I admit it. I love my morning coffee. As I hold one of my many favorite mugs and sip the warm contents inside, I begin my day feeling motivated.
My senses awaken and I am reminded of the mornings on vacation in Cabo, enjoying breakfast outdoors as the ocean waves crash onto the beach below. I am reminded of a time when I wore suits and high-heeled shoes, had morning meetings, presentations, and bosses that were adults and not children. The warmth of the coffee eases me into my day. Coffee is one of the hardest things that I give up when I am pregnant.
When I found out that I was pregnant, I stopped drinking coffee. Cold turkey. I don't recommend it. I should have taken a few days to decrease my intake instead. The headaches came immediately and furiously. It was a pounding inside my head that was so strong, I was sure that it was shaking my entire body. Each time I closed my eyes, I could imagine a tiny man inside my head holding a mallet and swinging it at my eyes and inside of my forehead. THUMP. THUMP. THUMP.

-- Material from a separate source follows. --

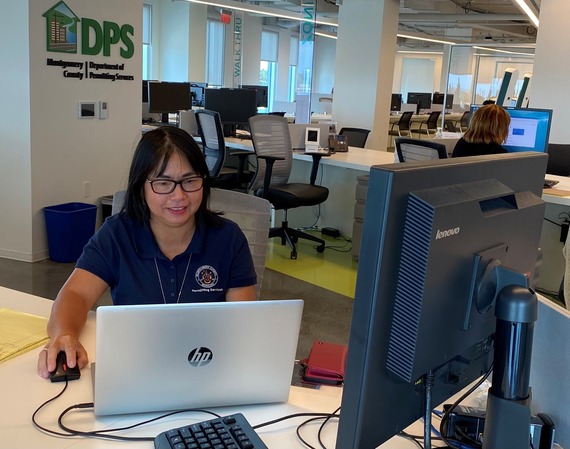 front desk dps lobby with dps employee working on a computer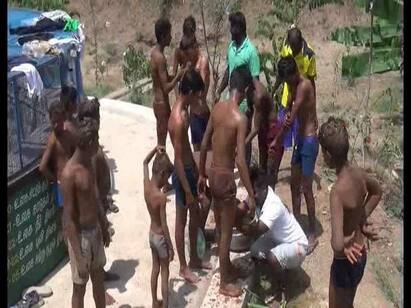 Dharmapuri Students takes termite mud bath தருமபுரி அருகே கரையான் புற்று மண்ணை உடலில் பூசி மண் குளியலில் ஈடுபடும் மாணவர்கள்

Caffeine headaches are unmistakable. They do not go away with Tylenol or Advil (things that I had given up taking). They only begin to go away when you feed your body the caffeine that it is missing. I am sad to say, I am addicted. Or was.
It took two weeks before I was finally rid of my headaches. About four weeks after giving up caffeine, I told my doctor about the severe headaches during one of my appointments. He told me that small amounts of caffeine were okay once in a while. But after successfully giving up my daily coffee and the occasional Diet Coke, I was not going back. I never wanted those headaches again. I refrained from drinking caffeine my entire pregnancy and during the time that I nursed my baby.
After almost two years, my body no longer needed the caffeine, but I really missed the warmth of that morning coffee. So I tried making decaffeinated coffee for myself. It worked, but after several weeks, I grew tired of making regular coffee for my husband and decaf for myself. Then one day, I decided just to have a ½ cup of his coffee. And just like that, I was back to my caffeine dependency.